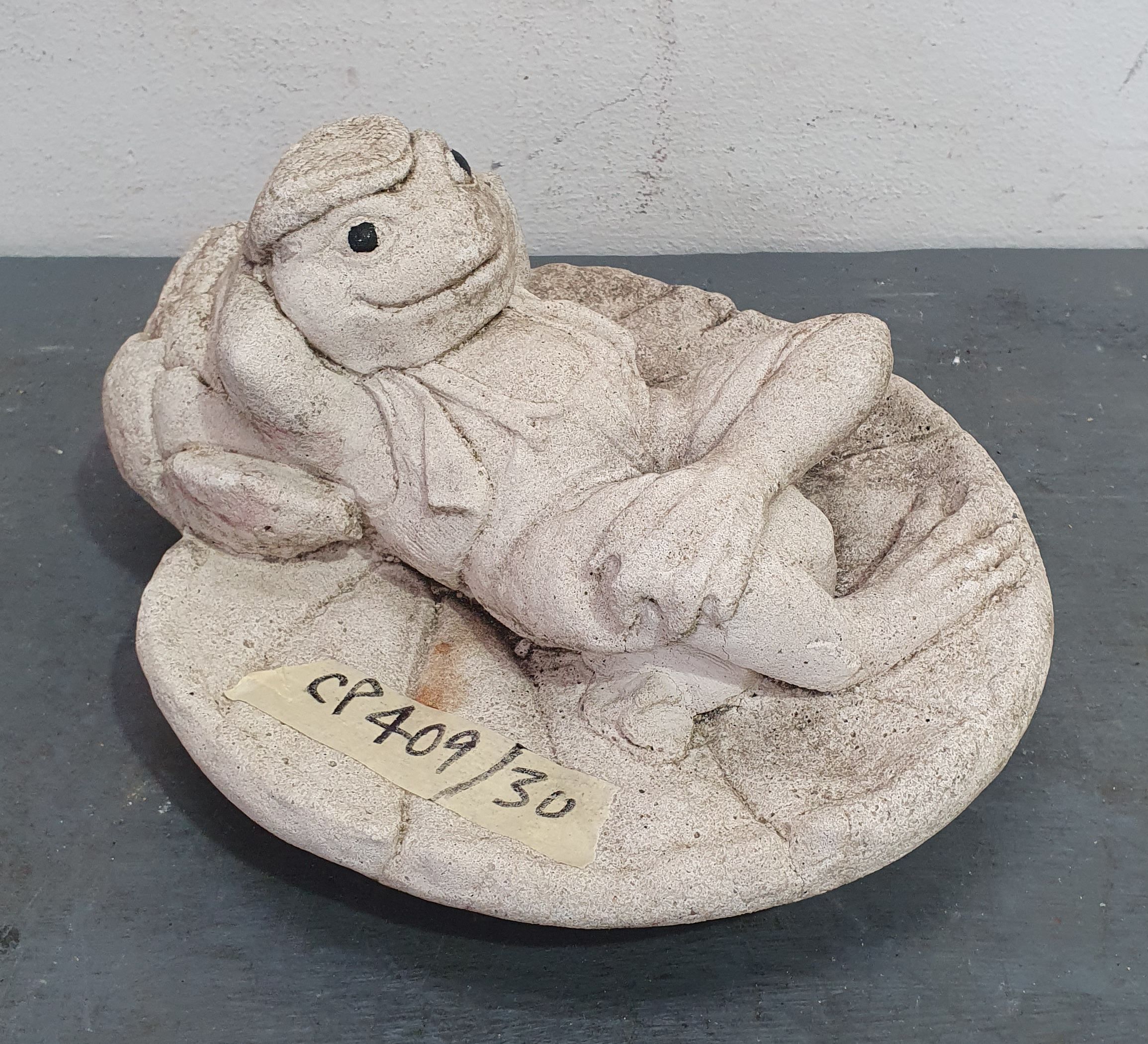 1049 · A CONCRETE GARDEN DECORATION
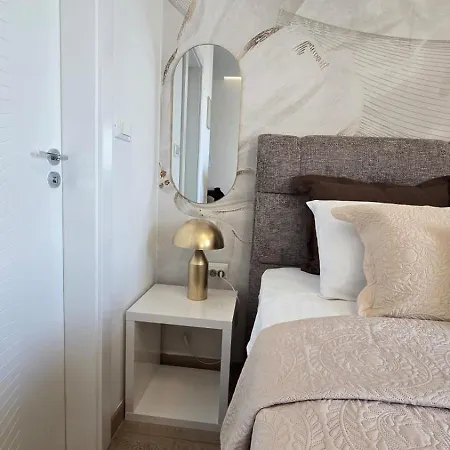 Skynight Bed & Breakfast 4*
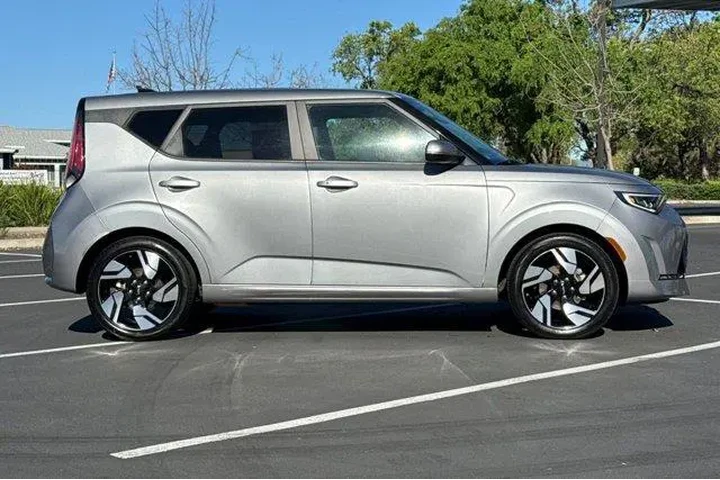 $15513 : Kia Soul 2023 GT-Line 4dr Cr image 10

● **Work to complete**:
Write every line of the data out again exactly, leaving out all images.

● **Exercise output**:
 1049 · A CONCRETE GARDEN DECORATION
 Skynight Bed & Breakfast 4*
 $15513 : Kia Soul 2023 GT-Line 4dr Cr image 10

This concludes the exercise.